Dans le milieu, Mavic s’est notamment fait connaître avec le concept Fore, lancé en 1999 et qui permet de ne percer que la première paroi de la jante pour fixer le rayon, laissant ainsi la paroi supérieure intacte et continue. Cette innovation donnera naissance la même année au système UST Tubeless, qui a permis de démocratiser le montage sans chambre à air. Quelques années plus tard, les Crossmax SLR en XC et les Deemax en DH, toutes deux très facilement identifiables (avec l’usinage ISM pour les premières et la fameuse couleur jaune pour les secondes), porteront la marque jusqu’au sommet des podiums mondiaux et feront rêver des milliers d’amateurs partout dans le monde.
La fin des années 2010 sera en revanche moins riante pour Mavic. Sur le plan technique, la marque doit faire face à des problèmes de fiabilité et une communication qui ne répond pas forcément aux attentes de ses clients, tandis qu’en arrière-plan, elle se débat avec des difficultés financières et un imbroglio autour de son propriétaire. Ce n’est que fin juillet 2020 que Mavic commence à entrevoir le bout du tunnel, avec une reprise par le groupe Bourrelier (voir notre news) à l’issue de trois mois en redressement judiciaire.
Aujourd’hui, Mavic compte 109 employés, soit un peu moins de la moitié de l’effectif présent avant la reprise par le groupe Bourrelier. Une coupe importante mais jugée nécessaire pour permettre à la marque de se redresser et de reconquérir le cœur des pratiquants.« On a retrouvé un fonctionnement de PME », nous explique Michel Lethenet, le responsable des relations presse et notre guide pour la journée. Plus de souplesse et de transparence, voilà effectivement qui ne peut pas faire de mal quand on veut concilier avant-garde technologique, performance et fiabilité pour tous les pratiquants.

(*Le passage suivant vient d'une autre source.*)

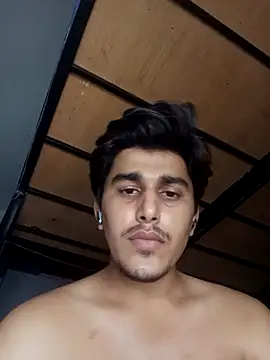 Snapshot of HarryChoudhary21 chatting on 28, 4, 2026 HarryChoudhary21 online show from 28, 4, 2026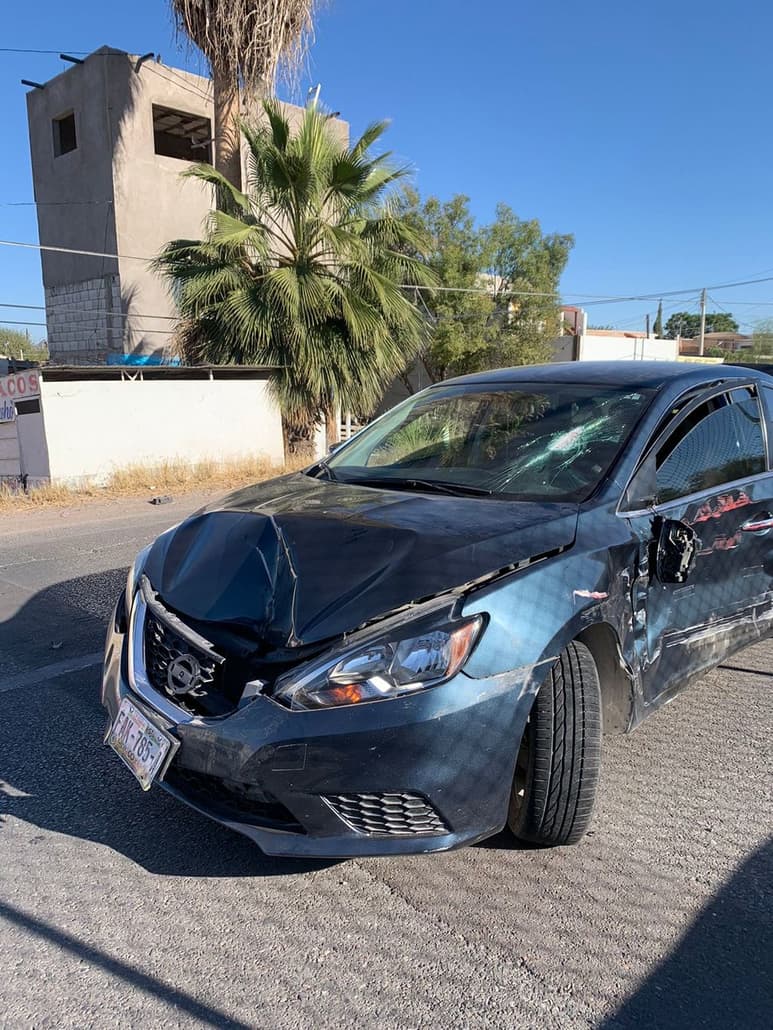Un camión de carga se impactó contra un vehículo particular al intentar cambiar de carril.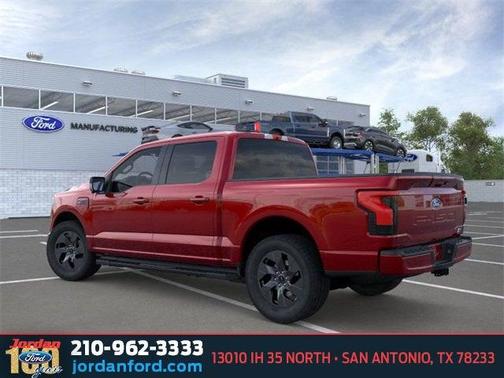 2025 Ford F-150 Lightning Flash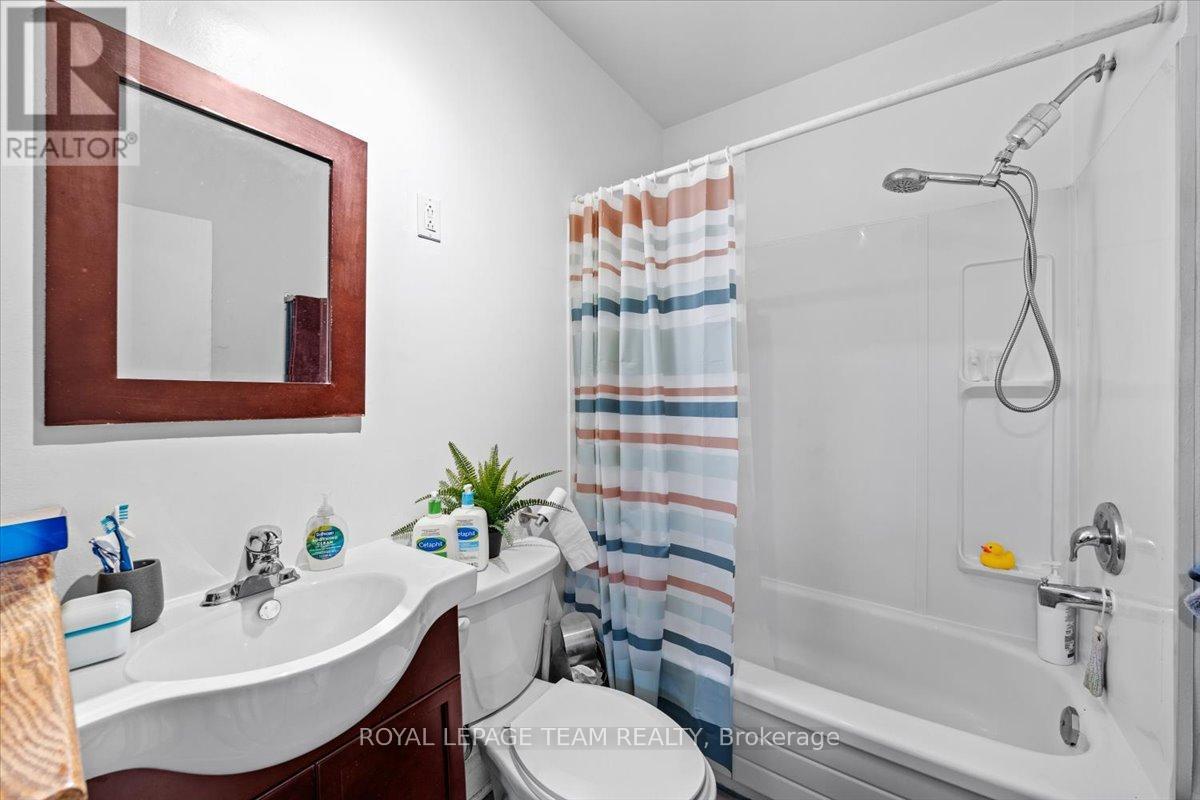 152 Glebe Avenue, Ottawa, ON - Indoor Photo Showing Bathroom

Michel nous rassure également sur la place de ce que la marque appelle le soft, c’est-à-dire les casques, chaussures et vêtements. « Oubliée » lors de l’annonce de la reprise par Bourrelier, la division a toujours de l’avenir chez la marque et on ne verra pas ces produits disparaître de sitôt. En revanche, on peut s’attendre à voir des changements dans la gamme car, comme pour les roues, Mavic a entrepris de « rationaliser » son offre d’équipements. Notons aussi que la marque envisage de rapatrier la fabrication de ces produits dans l’Union Européenne (certains sont encore faits au Maghreb), comme c’est déjà le cas pour les roues.
Pour mieux comprendre son savoir-faire, Mavic nous propose de fabriquer nous-même une roue en carbone…
On le comprend, Mavic est en pleine transformation et pas mal de changements sont encore attendus dans les mois à venir, en interne comme dans les stratégies liées aux produits. En attendant, s’il y a bien une chose qu’on ne peut pas retirer à Mavic, c’est son savoir-faire. Et pour le comprendre, quoi de mieux que nous permettre de fabriquer notre propre roue en carbone ?
Le carbone, du rouleau à la jante
L’essentiel des roues a beau être fabriqué ailleurs (en Roumanie pour celles en carbone, à Saint-Triviers-sur-Moignans pour celles en aluminium), le siège d’Annecy a conservé une petite unité de production qui sert pour les prototypes et les éditions limitées, mais aussi les roues des athlètes sponsorisés par la marque et deux modèles très haut de gamme de route, les Cosmic Ultimate T et Cosmic Ultimate T Disc.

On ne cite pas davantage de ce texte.